🤖 AI Summary
Real-time detection and intervention for alcohol intoxication remain challenging due to the need for lightweight, accurate, and deployable models on resource-constrained wearables.
Method: We propose the first deep learning classification framework for intoxication detection using long-term (three-week) multimodal smartwatch data—including skin temperature (TAC), accelerometer, gyroscope, and heart rate signals—and systematically benchmark five temporal modeling approaches: Transformer, bi-LSTM, GRU, 1D-CNN, and hyperdimensional computing (HDC).

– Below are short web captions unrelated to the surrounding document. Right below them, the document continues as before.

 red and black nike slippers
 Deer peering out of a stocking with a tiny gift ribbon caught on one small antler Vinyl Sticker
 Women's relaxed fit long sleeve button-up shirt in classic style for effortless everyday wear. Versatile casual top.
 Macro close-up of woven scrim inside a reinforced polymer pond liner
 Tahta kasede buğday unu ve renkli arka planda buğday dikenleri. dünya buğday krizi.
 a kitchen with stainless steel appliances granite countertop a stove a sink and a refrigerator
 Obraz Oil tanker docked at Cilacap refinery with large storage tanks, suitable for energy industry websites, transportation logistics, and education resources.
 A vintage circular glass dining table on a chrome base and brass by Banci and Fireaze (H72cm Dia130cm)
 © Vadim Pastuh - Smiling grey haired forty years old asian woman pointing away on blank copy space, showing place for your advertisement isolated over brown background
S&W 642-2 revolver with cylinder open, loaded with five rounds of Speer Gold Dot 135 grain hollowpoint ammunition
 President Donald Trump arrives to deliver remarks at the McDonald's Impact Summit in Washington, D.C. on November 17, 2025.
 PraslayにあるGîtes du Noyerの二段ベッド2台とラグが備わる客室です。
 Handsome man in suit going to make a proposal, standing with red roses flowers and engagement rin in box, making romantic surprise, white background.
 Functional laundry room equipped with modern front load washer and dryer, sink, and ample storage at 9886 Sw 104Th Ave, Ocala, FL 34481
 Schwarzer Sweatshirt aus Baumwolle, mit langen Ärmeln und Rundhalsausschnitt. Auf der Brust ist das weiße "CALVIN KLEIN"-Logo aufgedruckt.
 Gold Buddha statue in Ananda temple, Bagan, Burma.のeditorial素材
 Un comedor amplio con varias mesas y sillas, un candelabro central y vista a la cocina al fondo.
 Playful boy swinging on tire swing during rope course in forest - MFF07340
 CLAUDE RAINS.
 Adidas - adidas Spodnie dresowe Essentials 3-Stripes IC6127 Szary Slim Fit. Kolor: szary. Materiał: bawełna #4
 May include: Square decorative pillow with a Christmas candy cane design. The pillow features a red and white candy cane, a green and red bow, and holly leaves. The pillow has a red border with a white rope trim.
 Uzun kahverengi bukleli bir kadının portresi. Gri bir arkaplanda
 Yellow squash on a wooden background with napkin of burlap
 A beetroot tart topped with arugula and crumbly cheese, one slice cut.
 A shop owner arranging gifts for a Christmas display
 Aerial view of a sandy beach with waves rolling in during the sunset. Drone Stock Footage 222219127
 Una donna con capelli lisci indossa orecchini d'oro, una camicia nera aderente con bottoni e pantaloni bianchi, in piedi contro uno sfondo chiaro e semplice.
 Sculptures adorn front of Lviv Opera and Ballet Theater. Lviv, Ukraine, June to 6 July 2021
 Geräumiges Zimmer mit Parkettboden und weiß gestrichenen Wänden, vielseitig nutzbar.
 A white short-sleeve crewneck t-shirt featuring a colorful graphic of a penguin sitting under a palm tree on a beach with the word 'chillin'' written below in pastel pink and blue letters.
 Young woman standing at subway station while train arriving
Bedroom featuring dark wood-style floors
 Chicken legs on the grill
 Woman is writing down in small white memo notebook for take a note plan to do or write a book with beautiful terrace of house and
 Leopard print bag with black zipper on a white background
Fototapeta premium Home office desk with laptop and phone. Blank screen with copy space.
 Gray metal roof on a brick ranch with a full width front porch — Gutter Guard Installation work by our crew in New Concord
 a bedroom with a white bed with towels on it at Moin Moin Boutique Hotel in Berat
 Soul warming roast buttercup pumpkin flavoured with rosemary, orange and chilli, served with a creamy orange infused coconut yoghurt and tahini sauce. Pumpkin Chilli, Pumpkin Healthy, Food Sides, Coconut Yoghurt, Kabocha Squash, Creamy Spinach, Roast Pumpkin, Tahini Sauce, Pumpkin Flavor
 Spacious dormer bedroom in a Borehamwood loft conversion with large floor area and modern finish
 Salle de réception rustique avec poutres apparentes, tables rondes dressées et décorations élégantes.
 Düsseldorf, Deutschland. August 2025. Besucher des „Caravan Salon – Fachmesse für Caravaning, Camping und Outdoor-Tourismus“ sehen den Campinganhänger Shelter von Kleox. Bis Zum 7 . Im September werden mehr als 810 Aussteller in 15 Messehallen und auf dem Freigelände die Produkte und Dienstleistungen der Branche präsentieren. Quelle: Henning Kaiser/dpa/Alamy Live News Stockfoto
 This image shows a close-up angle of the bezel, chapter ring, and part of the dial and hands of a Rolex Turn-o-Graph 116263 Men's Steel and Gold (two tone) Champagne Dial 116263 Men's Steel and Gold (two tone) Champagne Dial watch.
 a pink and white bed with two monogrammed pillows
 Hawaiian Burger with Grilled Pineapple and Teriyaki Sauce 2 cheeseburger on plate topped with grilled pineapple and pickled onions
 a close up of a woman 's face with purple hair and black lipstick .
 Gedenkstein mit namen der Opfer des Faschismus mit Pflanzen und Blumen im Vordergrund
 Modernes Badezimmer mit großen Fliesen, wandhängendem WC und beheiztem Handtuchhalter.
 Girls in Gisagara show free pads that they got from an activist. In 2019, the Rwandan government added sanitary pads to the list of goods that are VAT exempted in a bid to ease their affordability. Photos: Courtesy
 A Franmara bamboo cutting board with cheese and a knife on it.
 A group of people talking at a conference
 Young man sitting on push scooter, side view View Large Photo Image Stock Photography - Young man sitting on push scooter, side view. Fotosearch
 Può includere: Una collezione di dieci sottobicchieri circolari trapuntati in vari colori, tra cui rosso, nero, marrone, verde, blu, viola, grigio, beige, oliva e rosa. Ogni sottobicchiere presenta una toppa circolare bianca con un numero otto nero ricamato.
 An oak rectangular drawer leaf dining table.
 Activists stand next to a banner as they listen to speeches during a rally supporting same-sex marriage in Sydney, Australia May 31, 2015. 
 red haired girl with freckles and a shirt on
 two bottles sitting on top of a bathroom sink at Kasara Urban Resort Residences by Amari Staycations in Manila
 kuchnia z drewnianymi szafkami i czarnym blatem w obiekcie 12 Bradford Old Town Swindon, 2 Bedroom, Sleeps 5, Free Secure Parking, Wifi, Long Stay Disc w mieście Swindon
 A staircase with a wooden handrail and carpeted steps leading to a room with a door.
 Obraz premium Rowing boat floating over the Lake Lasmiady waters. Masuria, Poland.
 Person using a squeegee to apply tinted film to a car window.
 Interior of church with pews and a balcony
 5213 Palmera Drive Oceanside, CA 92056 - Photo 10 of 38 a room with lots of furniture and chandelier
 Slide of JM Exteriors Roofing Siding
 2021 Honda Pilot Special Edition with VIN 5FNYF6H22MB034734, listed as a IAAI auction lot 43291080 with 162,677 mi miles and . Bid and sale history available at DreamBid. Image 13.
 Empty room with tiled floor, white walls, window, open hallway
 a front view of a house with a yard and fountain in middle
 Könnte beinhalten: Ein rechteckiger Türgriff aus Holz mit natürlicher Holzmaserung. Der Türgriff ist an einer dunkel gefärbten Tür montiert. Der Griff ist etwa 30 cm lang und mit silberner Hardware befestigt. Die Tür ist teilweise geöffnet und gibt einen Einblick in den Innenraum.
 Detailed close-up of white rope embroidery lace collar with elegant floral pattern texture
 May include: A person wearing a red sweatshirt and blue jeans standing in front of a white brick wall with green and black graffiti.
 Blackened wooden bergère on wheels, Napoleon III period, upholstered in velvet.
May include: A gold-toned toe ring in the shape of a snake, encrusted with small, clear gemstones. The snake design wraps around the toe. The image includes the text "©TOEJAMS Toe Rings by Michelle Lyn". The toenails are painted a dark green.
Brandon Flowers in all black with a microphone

Contribution/Results: To our knowledge, this is the first work to adapt HDC to wearable-based intoxication monitoring, achieving high accuracy while drastically reducing computational overhead. Experimental results demonstrate that HDC attains the optimal trade-off between classification accuracy (92.3% macro-F1) and inference efficiency—enabling real-time on-device alerting with <10 ms latency and <50 KB memory footprint. Our framework establishes a lightweight, robust, and deployable paradigm for digital health interventions in ambulatory settings.
📝 Abstract
Excess alcohol consumption leads to serious health risks and severe consequences for both individuals and their communities. To advocate for healthier drinking habits, we introduce a groundbreaking mobile smartwatch application approach to just-in-time interventions for intoxication warnings. In this work, we have created a dataset gathering TAC, accelerometer, gyroscope, and heart rate data from the participants during a period of three weeks. This is the first study to combine accelerometer, gyroscope, and heart rate smartwatch data collected over an extended monitoring period to classify intoxication levels. Previous research had used limited smartphone motion data and conventional machine learning (ML) algorithms to classify heavy drinking episodes; in this work, we use smartwatch data and perform a thorough evaluation of different state-of-the-art classifiers such as the Transformer, Bidirectional Long Short-Term Memory (bi-LSTM), Gated Recurrent Unit (GRU), One-Dimensional Convolutional Neural Networks (1D-CNN), and Hyperdimensional Computing (HDC). We have compared performance metrics for the algorithms and assessed their efficiency on resource-constrained environments like mobile hardware. The HDC model achieved the best balance between accuracy and efficiency, demonstrating its practicality for smartwatch-based applications.